Ms. Meeks became the eighth president and first woman chief executive officer in the nearly 70-year history of the National Trust, the nation’s leading nonprofit for the preservation of America’s most historic places, when she joined the organization in July 2010. She oversaw the largest fundraising campaign in the organization’s history, surpassing the $200 million goal by more than $105 million.
Meeks led the repositioning of the organization’s portfolio of 27 historic sites to achieve new levels of stewardship, interpretation, and financial sustainability, and added a significant new historic site in Southern California, Thornton Gardens. During her tenure, the National Trust also established the National Treasures program which brings resources and attention to historic places that reflect the wide contours of the American past.
Under Meeks’ leadership, the National Trust launched an effort to highlight the critical connection between older buildings and vibrant cities, working to facilitate the reuse of historic buildings to meet 21st century needs. She co-authored the book The Past and Future City: How Historic Preservation is Reviving America's Communities, published by Island Press in the fall of 2016.

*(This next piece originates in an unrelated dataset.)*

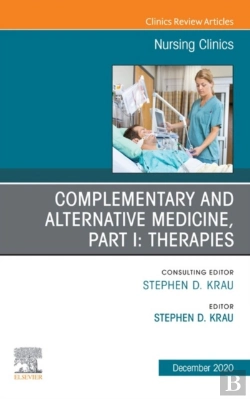 Bertrand.pt - Complementary And Alternative Medicine, Part I: Therapies, An Issue Of Nursing Clinics, E-Book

The National Trust intensified its commitment to engaging a new generation of preservationists by launching the HOPE Crew program, and amplified its pledge to tell a fuller accounting of American history with the establishment of the African American Cultural Heritage Action Fund.
“It has been a privilege to lead an incredible organization of talented and committed individuals dedicated to preserving and honoring the places that tell our full American story,” said Stephanie K. Meeks. “As I reflect on the results we have achieved together, I am deeply moved and grateful for the opportunity to contribute to an organization whose important work will continue to shape the cultural landscape of our nation.”
The national search for a successor will be led by Jay Clemens, vice chairman of the Board of Trustees, along with a search committee composed of four board members. The search committee will work in partnership with New York-based executive search firm Howe-Lewis International.
“Each of us on the board are grateful for and admire all that Stephanie has accomplished for preservation in the United States,” continued Whalen.